Tips for Preparing your CAREER Proposals

The deadline for CAREER (NSF 17-537) proposal submission, 18 July 2018 is fast approaching. We have updated our tips for CAREER submissions. You will also want to consult the current Proposal and Award Policies and Procedures Guide (PAPPG NSF 18-1). For more information there are also extensive FAQ available online.

You may also want to check out our prior postings on helpful suggestions from our colleagues in the Division of Environmental Biology (DEB).

Here are some tips from IOS program officers on preparing your CAREER proposal:

  1. Panel Review: Although there is a separate solicitation for CAREER proposals, most clusters in IOS assess these proposals in review panels that also review full proposals submitted through the core IOS solicitation. Your proposal will also be sent out for “ad hoc” review by experts in the field(s) represented by the proposal, individuals who are familiar with the conceptual framework and techniques. The panel itself will have reviewers who can evaluate many proposals at the panel and thus may not be experts in every proposal on the panel, but will be generally familiar with the broader research topics at the panel.
  2. Intellectual Merit: The same criteria apply for CAREER proposals and regular full proposal submissions; for details see the NSF Merit Review Criteria document. Whether the work is hypothesis-driven or discovery-based, a clearly articulated conceptual framework should be in place, with the aims thematically linked, but not tightly dependent on each other. The work proposed should fit realistically within the five-year duration required by the program. It is not helpful to present an overly ambitious research plan. The goal is to make it clear to the reviewers that significant biological questions are being addressed through well-designed approaches. Show, don’t tell: Rather than explicitly announcing the research to be novel, important, or potentially transformative, it is better to leave it to the reviewers to reach conclusions about the merits of the project. Preliminary data, although not required, is strongly recommended. Any data included should be chosen and explained carefully, with the intent of providing the key observations motivating the project and proof-of-principle studies for difficult or risky experimental approaches. It is also important to consider alternative strategies (experimental or technical) or how you will deal with unexpected results during the project.
  3. Educational Component and Broader Impacts: These are key to the success of the proposal. Many CAREER proposals are not funded because the educational and outreach component is viewed by reviewers as being insufficient. A common criticism from reviewers of CAREER proposals is that, although the proposed educational plan and activities are fine for a regular proposal, they do not meet the CAREER requirement for integration of research and education. Keep in mind that the CAREER award program represents NSF’s “most prestigious awards in support of early-career faculty who have the potential to serve as academic role models in research and education and to lead advances in the mission of their department or organization. Activities pursued by early-career faculty should build a  firm foundation for a lifetime of leadership in integrating education and research,” (from NSF 17-537). Therefore, this component of your CAREER proposal should explain how you will integrate research and education to meet specific goals in the context of your position at your institution. What contributions will you make to enhance the education and research experiences for students at your institution, and to your own development as an academic leader? In addition, these activities should resonate with the research being proposed; i.e., they should, in some way, be related to the scientific research being proposed.
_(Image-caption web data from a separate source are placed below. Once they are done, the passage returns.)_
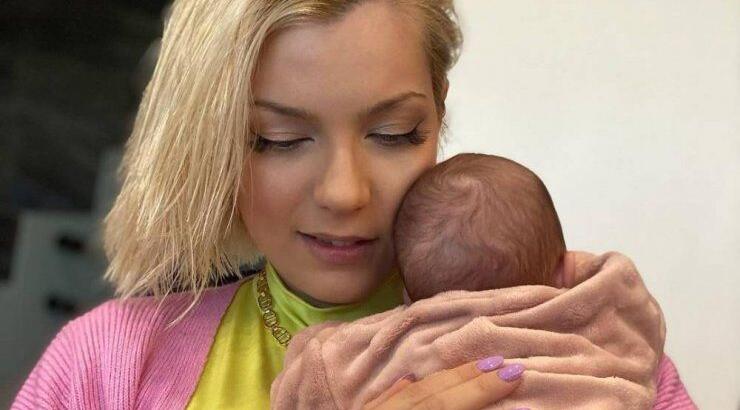 Άντρη Καραντώνη: Αποκάλυψε πως αποκαλούν τη νεογέννητη κόρη της! [εικόνα]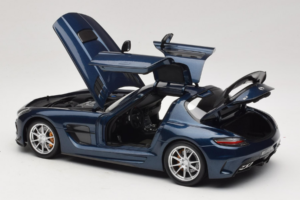 Mercedes SLS AMG Black Series Daytona Blue Metallic Minichamps 1:18 110033026 Metal - imagen 5 de 8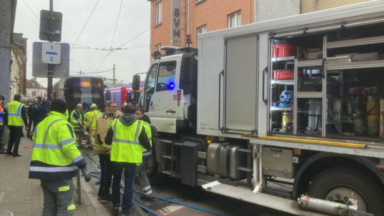 Un enfant coincé sous un tram à Evere : il s’en sort quasiment indemne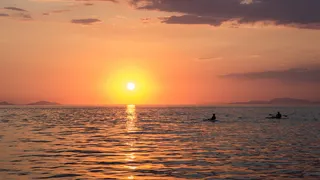 希腊，monodendri，海洋，夏天，太阳，人，地平线，日落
We ask reviewers to look for real integration of research and education/outreach efforts, with innovative approaches whose creativity and extent go considerably beyond what is expected for the broader impacts in a regular proposal. Be sure to include an adequate budget for your educational and outreach activities.
  4. Departmental Chair’s Letter: These are reviewed carefully by the panel and often factor into rating decisions. It is helpful for the letter to convey the department’s strong commitment to the success of the project and the PI. Specific departmental contributions to the project’s success (time, space, equipment, etc.) should be described. This document should NOT be a reference letter for the PI.
  5. List of Suggested Reviewers or Reviewers Not to Include: This list is optional, but it is recommended that you provide a list of suggested reviewers (including email addresses and organizational affiliations) for your proposal. Be sure your suggested reviewers are not on your COA list. The list should be submitted as a single copy document (further instructions are in the PAPPG). It is the decision of the Program Officer handling your proposal whether these suggested reviewers are used.
  6. Budget Justification: It is recommended that the budget justification (a  required element, see PAPPG) follows the same organization as the budget sheets. For example, each section of text should have corresponding headings (e.g., “C. Fringe Benefits” or “G.1 Materials and Supplies”).